Supplied records:
* * * * * * *
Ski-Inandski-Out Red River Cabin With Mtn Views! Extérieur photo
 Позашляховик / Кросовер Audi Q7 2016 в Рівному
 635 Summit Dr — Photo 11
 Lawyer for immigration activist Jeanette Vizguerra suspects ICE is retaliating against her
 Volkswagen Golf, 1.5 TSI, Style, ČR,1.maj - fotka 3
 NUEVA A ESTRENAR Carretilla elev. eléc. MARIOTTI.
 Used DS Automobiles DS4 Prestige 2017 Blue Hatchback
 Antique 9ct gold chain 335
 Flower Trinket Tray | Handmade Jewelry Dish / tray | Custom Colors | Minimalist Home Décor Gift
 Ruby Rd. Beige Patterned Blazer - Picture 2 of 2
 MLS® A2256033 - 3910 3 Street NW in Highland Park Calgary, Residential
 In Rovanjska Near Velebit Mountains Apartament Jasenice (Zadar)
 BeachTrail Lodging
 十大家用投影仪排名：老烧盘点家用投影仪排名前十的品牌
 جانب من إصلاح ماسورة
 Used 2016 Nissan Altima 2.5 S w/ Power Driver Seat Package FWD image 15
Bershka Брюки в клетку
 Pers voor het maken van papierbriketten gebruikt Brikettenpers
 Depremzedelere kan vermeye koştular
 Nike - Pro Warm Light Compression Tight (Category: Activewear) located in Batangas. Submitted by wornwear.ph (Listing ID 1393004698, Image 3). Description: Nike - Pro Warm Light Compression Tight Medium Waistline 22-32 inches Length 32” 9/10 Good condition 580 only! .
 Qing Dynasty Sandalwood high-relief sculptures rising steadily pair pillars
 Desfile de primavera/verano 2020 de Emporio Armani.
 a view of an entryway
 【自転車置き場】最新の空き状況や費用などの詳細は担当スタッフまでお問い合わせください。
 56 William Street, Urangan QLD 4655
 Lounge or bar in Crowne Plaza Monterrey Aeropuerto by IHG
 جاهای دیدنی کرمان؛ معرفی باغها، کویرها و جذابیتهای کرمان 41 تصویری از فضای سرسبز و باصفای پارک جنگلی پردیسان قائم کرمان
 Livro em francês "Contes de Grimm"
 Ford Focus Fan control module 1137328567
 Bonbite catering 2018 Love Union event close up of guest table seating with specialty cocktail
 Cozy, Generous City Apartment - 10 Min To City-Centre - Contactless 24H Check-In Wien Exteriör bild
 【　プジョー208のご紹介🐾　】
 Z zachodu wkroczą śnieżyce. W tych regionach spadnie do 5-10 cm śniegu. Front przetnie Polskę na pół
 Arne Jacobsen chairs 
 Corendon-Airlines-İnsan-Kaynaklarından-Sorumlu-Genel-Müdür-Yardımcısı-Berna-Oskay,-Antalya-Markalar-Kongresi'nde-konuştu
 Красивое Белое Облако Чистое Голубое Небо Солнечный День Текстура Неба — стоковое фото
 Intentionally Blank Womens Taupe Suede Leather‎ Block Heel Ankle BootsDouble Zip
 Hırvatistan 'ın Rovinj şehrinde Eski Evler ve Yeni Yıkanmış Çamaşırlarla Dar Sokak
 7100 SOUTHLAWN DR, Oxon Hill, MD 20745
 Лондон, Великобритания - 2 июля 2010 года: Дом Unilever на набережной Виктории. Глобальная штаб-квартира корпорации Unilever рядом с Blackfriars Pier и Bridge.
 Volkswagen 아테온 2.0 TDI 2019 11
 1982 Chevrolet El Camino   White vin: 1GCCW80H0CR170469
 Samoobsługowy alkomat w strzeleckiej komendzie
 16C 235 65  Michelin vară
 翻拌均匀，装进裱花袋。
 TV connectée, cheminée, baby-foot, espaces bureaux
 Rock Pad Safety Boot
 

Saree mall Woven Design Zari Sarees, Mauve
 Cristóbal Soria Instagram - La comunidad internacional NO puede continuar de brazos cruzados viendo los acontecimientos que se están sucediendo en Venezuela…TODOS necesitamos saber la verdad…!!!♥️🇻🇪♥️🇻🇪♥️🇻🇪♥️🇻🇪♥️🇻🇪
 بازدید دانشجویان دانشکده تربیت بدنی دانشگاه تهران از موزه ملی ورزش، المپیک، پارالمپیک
* * * * * * *
What you should do:
Wherever the word "Used" appears in the records above, copy that line.

Answer to this exercise:
 Used DS Automobiles DS4 Prestige 2017 Blue Hatchback
 Used 2016 Nissan Altima 2.5 S w/ Power Driver Seat Package FWD image 15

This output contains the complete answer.